StrengthSense: A Dataset of IMU Signals Capturing Everyday Strength-Demanding Activities
Zeyu Yang, Clayton Souza Leite, Yu Xiao
TL;DR
StrengthSense addresses the lack of IMU-based datasets for strength-demanding activities by aggregating 8.5 hours of multi-sensor IMU data from 29 healthy subjects using 10 IMUs across 11 strength-demanding activities and 2 non-strength controls. The dataset is annotated with video labels and validated through synchronization checks and IMU-derived joint-angle estimates compared against video-based references using a Madgwick-filter orientation pipeline. The paper details data collection, synchronization, pre-processing, and validation, highlighting the potential for improved cross-subject robustness, sensor-placement optimization, continual learning, and health monitoring applications. Overall, StrengthSense provides a rich, open resource to advance activity recognition, biomechanical analysis, and wearable-sensor research in real-world strength-demanding scenarios.
Abstract
Tracking strength-demanding activities with wearable sensors like IMUs is crucial for monitoring muscular strength, endurance, and power. However, there is a lack of comprehensive datasets capturing these activities. To fill this gap, we introduce \textit{StrengthSense}, an open dataset that encompasses IMU signals capturing 11 strength-demanding activities, such as sit-to-stand, climbing stairs, and mopping.

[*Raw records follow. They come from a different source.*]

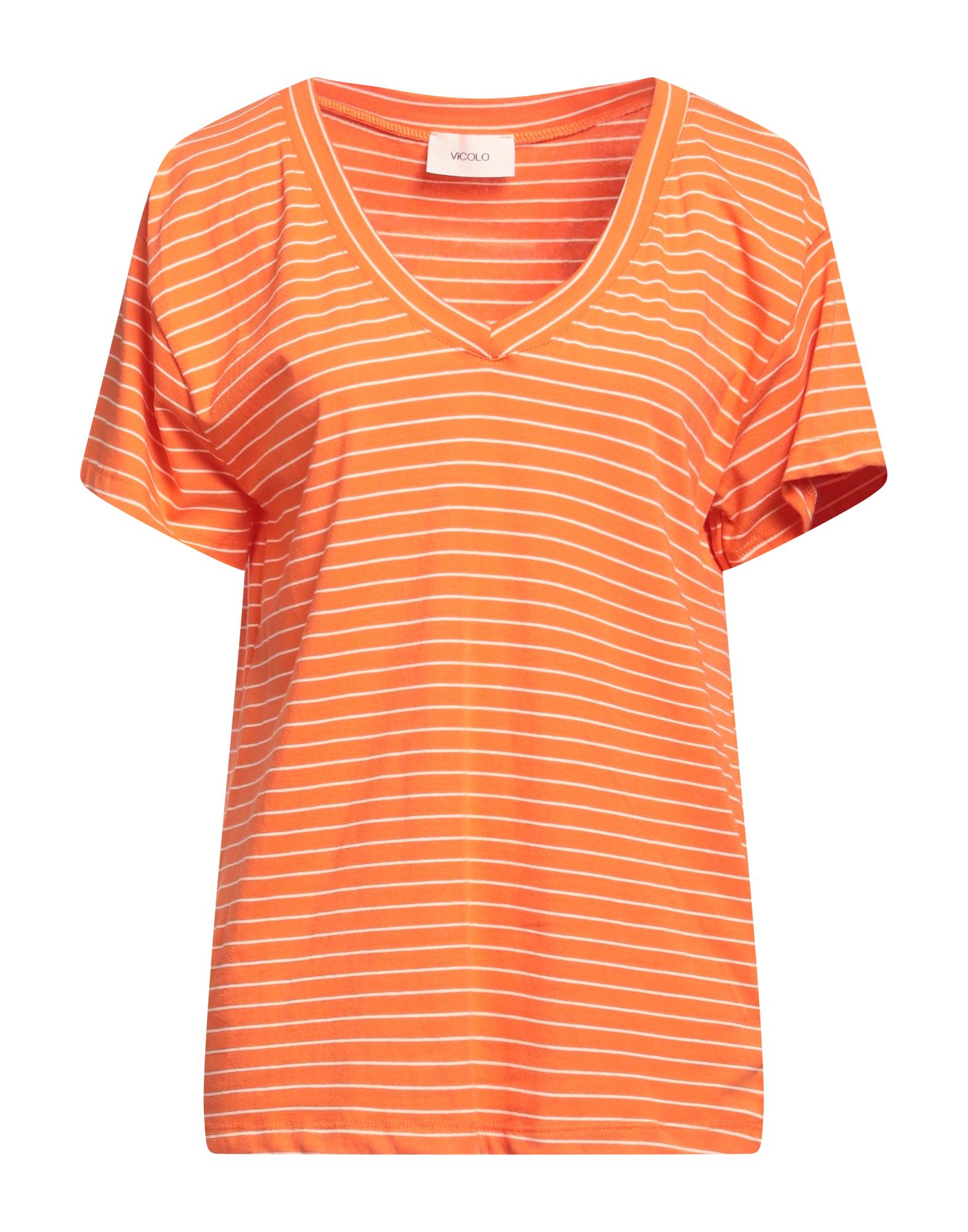VICOLO T-shirts Damen Orange von VICOLO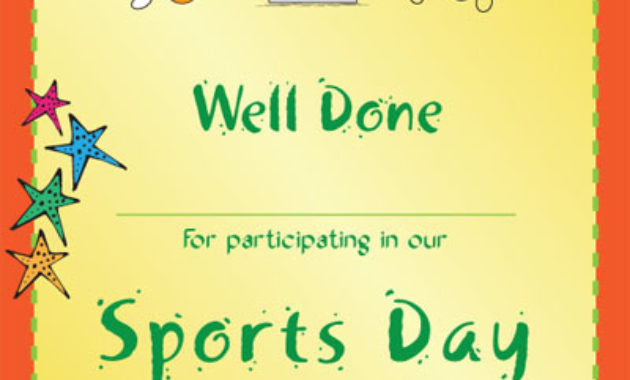 Sports Certificate S96 Pixygraphics Pertaining To Running Certificate Templates 10 Fun Sports Designs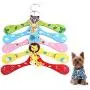 10PC Random Color Pet Dog Child Clothes Hanger Cartoon Design Animal Cute Wooden Hangers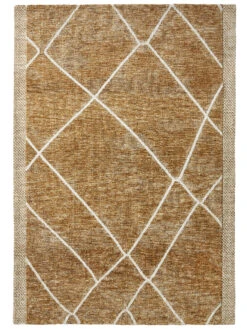 Moderner Teppich, Safran 6 Moderner Teppich, Safran -Teppiche Verkäufe Nikkala ModernerTeppich Gelb Safran 170x240 pla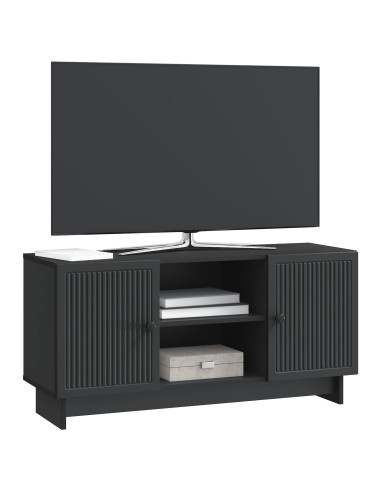 Mobile TV Nero 102 x 34,5 x 50 cm Legno multistrato
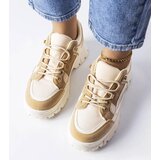 Gemre Brown sneakers with a treaded sole Via | Shoptok.si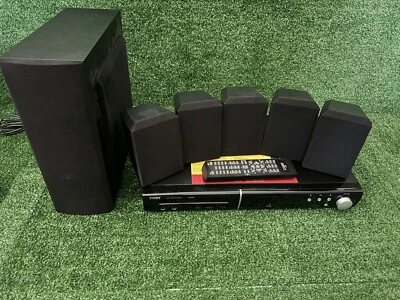 Vintage Coby DVD938 5.1 Channel DVD Home Theater System COMPLETE w/ REMOTE - Image 1 of 4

For comparative purposes, the dataset also includes 2 non-strength demanding activities. The dataset was collected from 29 healthy subjects utilizing 10 IMUs placed on limbs and the torso, and was annotated using video recordings as references. This paper provides a comprehensive overview of the data collection, pre-processing, and technical validation. We conducted a comparative analysis between the joint angles estimated by IMUs and those directly extracted from video to verify the accuracy and reliability of the sensor data. Researchers and developers can utilize \textit{StrengthSense} to advance the development of human activity recognition algorithms, create fitness and health monitoring applications, and more.